Work request: Scan the records for the string "Fashion"; copy each line where it occurs.

Saved entries:
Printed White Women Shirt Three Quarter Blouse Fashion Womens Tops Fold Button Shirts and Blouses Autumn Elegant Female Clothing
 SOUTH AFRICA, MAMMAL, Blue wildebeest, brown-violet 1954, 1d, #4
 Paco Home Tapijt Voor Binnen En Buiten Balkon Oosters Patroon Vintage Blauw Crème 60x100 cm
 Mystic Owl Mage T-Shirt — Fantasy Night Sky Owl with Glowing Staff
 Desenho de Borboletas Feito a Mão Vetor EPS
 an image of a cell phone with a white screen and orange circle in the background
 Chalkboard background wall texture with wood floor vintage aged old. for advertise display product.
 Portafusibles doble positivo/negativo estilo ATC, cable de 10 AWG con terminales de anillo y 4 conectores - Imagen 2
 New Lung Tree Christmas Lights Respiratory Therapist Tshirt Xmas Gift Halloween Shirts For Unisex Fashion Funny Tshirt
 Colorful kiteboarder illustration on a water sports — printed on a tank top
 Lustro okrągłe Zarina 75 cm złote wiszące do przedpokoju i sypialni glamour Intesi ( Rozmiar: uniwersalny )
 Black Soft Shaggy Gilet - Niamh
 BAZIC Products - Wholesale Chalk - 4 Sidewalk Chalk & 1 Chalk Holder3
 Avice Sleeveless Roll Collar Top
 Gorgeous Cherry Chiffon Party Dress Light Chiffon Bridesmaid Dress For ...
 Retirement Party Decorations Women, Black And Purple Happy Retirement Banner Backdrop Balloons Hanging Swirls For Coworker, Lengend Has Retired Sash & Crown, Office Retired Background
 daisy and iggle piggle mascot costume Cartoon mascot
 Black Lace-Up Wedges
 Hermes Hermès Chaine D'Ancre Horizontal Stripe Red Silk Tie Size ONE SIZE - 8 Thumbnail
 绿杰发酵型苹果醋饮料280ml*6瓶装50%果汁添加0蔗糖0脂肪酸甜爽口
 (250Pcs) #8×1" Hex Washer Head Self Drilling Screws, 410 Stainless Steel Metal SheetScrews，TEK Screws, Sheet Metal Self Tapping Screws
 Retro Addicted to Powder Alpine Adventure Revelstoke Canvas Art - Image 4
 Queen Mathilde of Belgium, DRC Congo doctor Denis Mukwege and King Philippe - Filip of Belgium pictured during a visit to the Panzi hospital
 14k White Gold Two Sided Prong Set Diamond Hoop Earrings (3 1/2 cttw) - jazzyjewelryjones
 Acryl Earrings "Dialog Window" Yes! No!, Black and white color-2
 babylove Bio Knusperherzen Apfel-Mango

Completed task:
Printed White Women Shirt Three Quarter Blouse Fashion Womens Tops Fold Button Shirts and Blouses Autumn Elegant Female Clothing
 New Lung Tree Christmas Lights Respiratory Therapist Tshirt Xmas Gift Halloween Shirts For Unisex Fashion Funny Tshirt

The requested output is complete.